It is well settled that, in order to find an owner or its agent liable under Labor Law § 200 for defects or dangers arising from a subcontractor's methods or materials, it must be shown that the owner or agent exercised some supervisory control over the injury-producing work (Comes v New York State Elec. & Gas Corp., 82 NY2d 876, 877 [1993] [no Labor Law § 200 liability where the plaintiff's injury was caused by lifting a beam, and there was no evidence that the defendant exercised supervisory control or had any input into how the beam was to be moved]; see also Lopez v Dagan, 98AD3d 436 [1st Dept 2012]).
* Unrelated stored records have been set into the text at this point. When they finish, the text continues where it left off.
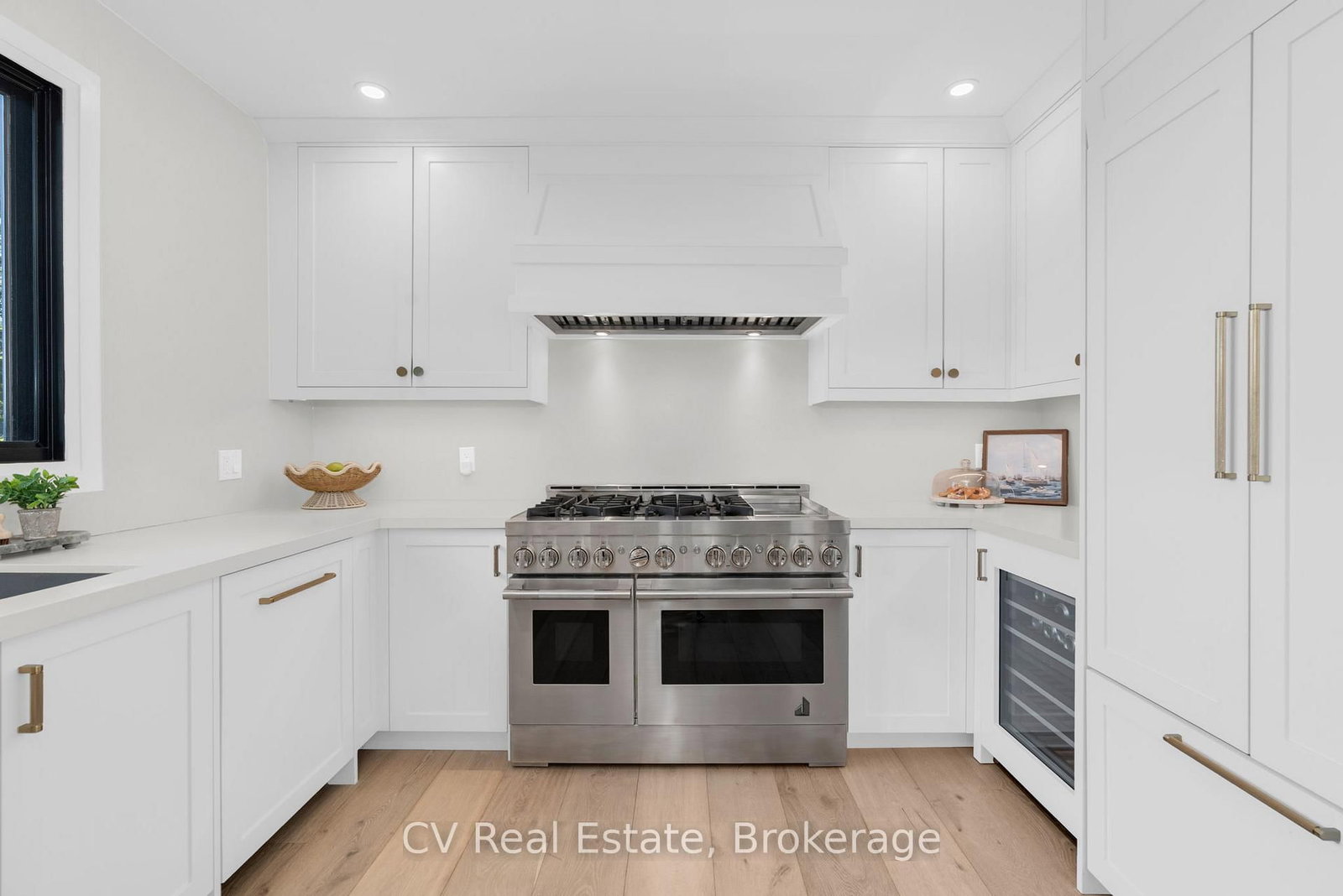 1017 White Pine Road • Lake of Bays, ON photo 13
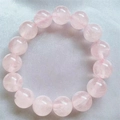 12mm Rosa (Natürlich)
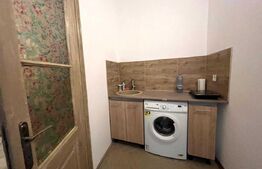 Apartament 2 camere decomandate, Piata Unirii
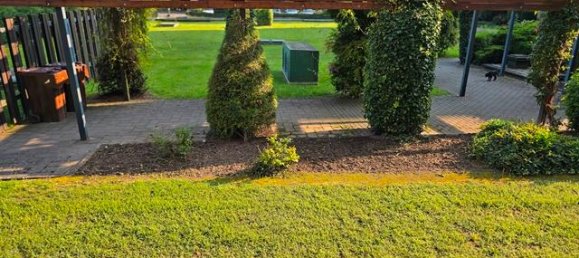 Квартира с 3 комнатами в Мёнхенгладбах, Германия № 42782 7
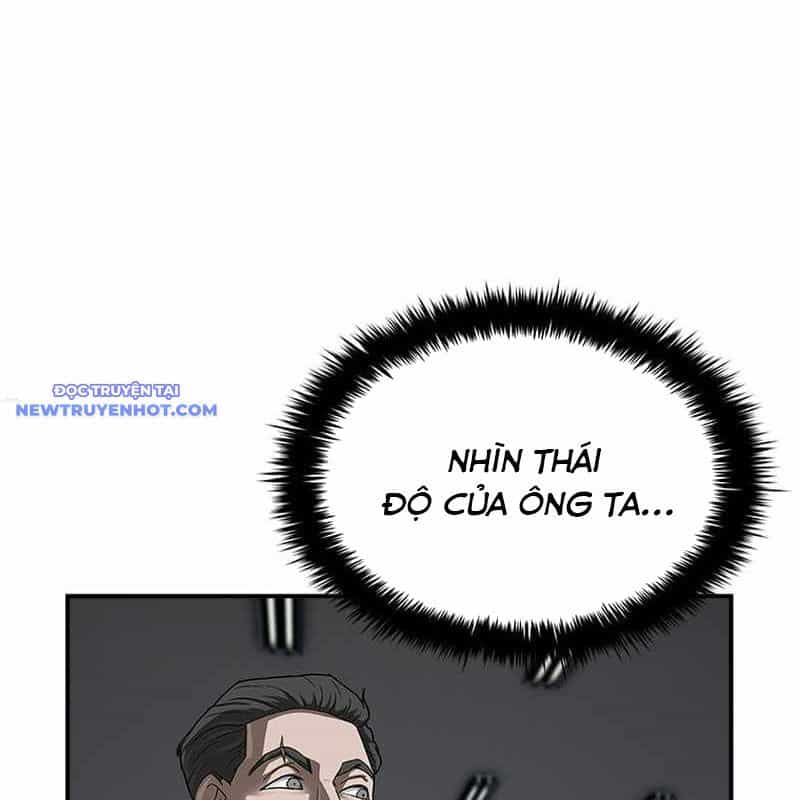 Chế Tác Hạt Nhân - Chương 6 - ảnh 57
Moreover, "general supervisory control is insufficient to impute liability pursuant to Labor Law § 200, which liability requires actual supervisory control or input into how the work is performed" (Hughes v Tishman Constr. Corp., 40 AD3d 305, 311 [1st Dept 2007]; see also Bednarczyk v Vornado Realty Trust, 63 AD3d 427, 428 [1st Dept 2009] [Court dismissed common-law negligence and Labor Law § 200 claims where the deposition testimony established that, while the defendant's "employees inspected the work and had the authority to stop it in the event they observed dangerous conditions or procedures," they "did not otherwise exercise supervisory control over the work"]; Burkoski v Structure Tone, Inc., 40 AD3d 378, 381 [1st Dept 2007] [no Labor Law § 200 liability where the defendant construction manager did not tell subcontractor or its employees how to perform subcontractor's work]; Smith v 499 Fashion Tower, LLC, 38 AD3d 523, 524-525 [2d Dept 2007]).
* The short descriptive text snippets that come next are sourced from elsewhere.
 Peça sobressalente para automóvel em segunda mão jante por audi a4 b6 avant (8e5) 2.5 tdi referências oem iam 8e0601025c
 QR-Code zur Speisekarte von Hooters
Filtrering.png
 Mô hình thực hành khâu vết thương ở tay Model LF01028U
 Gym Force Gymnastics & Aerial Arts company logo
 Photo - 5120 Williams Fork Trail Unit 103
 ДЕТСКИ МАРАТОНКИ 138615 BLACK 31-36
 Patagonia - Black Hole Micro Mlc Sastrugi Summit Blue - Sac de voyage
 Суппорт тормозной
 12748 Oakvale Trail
As discussed previously, plaintiff was injured when, while walking on stilts across the floor, he tripped on the duct-taped seam of protective Masonite that had popped up because the tape holding the Masonite pieces together split. Therefore, first and foremost, the accident was caused due to the means and methods of the installation and/or maintenance of the Masonite at the Premises. "Where the injury was caused by the manner and means of the work, including the equipment used, the owner or general contractor is liable if it actually exercised supervisory control over the injury-producing work" (Cappabianca v Skanska USA Bldg. Inc., 99 AD3d 139, 144 [1st Dept 2012]).
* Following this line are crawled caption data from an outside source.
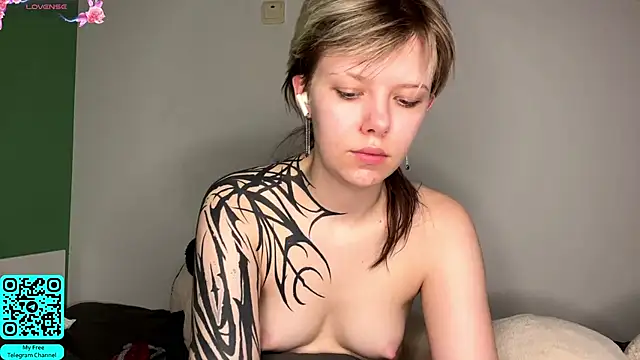 Show Webcam de EngelAlman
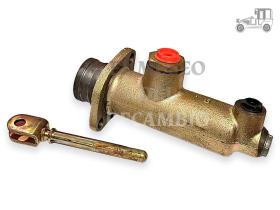 Bomba de freno Ebro 25.4mm Recambio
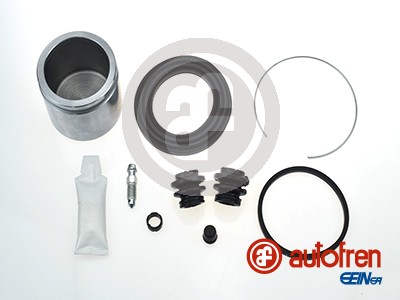 Repair Kit, brake caliper - D42076C AUTOFREN SEINSA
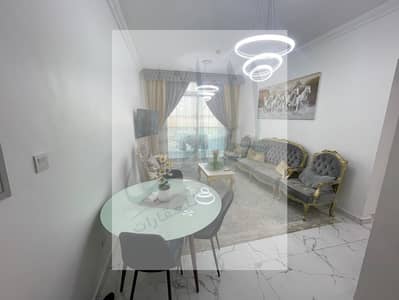 2 Bedroom Flat for Sale in Al Rashidiya, Ajman - WhatsApp Image 2025-09-01 at 8.42. 31 AM. jpeg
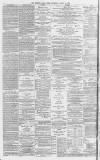 Western Daily Press Thursday 10 August 1876 Page 8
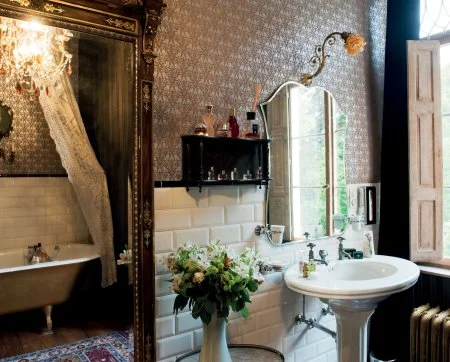 Обои Loymina  Renaissance NK2, 010/1 в Новокузнецке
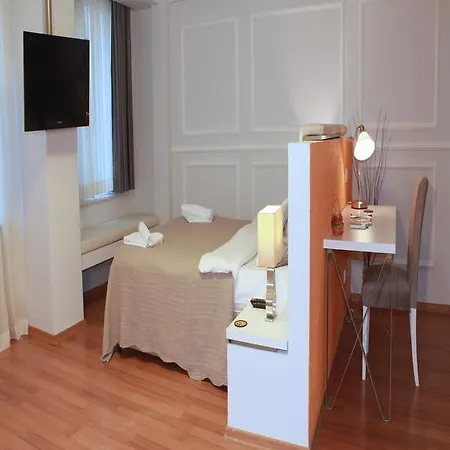 212 איסטמבול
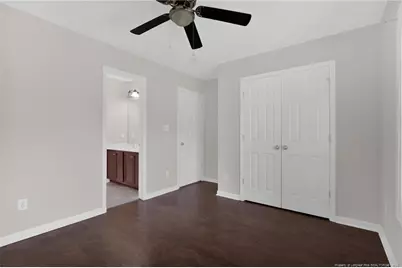 225 Valley Oak Drive, Bunnlevel, NC 28323 - Photo 27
Here, there is no evidence in the record indicating that defendants Hines, Pacolet or 7BP were responsible in any way for installing and/or maintaining the Masonite floor at the Project. In addition, as asserted by defendants, the testimonial evidence indicates that the alleged defect in the Masonite that contributed to the accident was not visible upon inspection prior to the accident. Therefore, it has not been established that they created or had actual or constructive notice of any unsafe condition (see Stier v One Bryant Park LLC, 113 AD3d 551, 552 [1st Dept 2014]). Notwithstanding the foregoing, Hines, Pacolet, and 7BP have the burden in seq. 001 of demonstrating by proof in admissible form that they did not actually exercise supervisory control over the injury-producing work." No witness was ever deposed for any of these parties, and no affidavit has been submitted by any of these parties as to their role with respect to the Project.
As such, the Court finds that Hines, Pacolet, and 7BP have failed to show prima facie entitlement to dismissal of plaintiff's Labor Law § 200 and common-law negligence causes of action against them.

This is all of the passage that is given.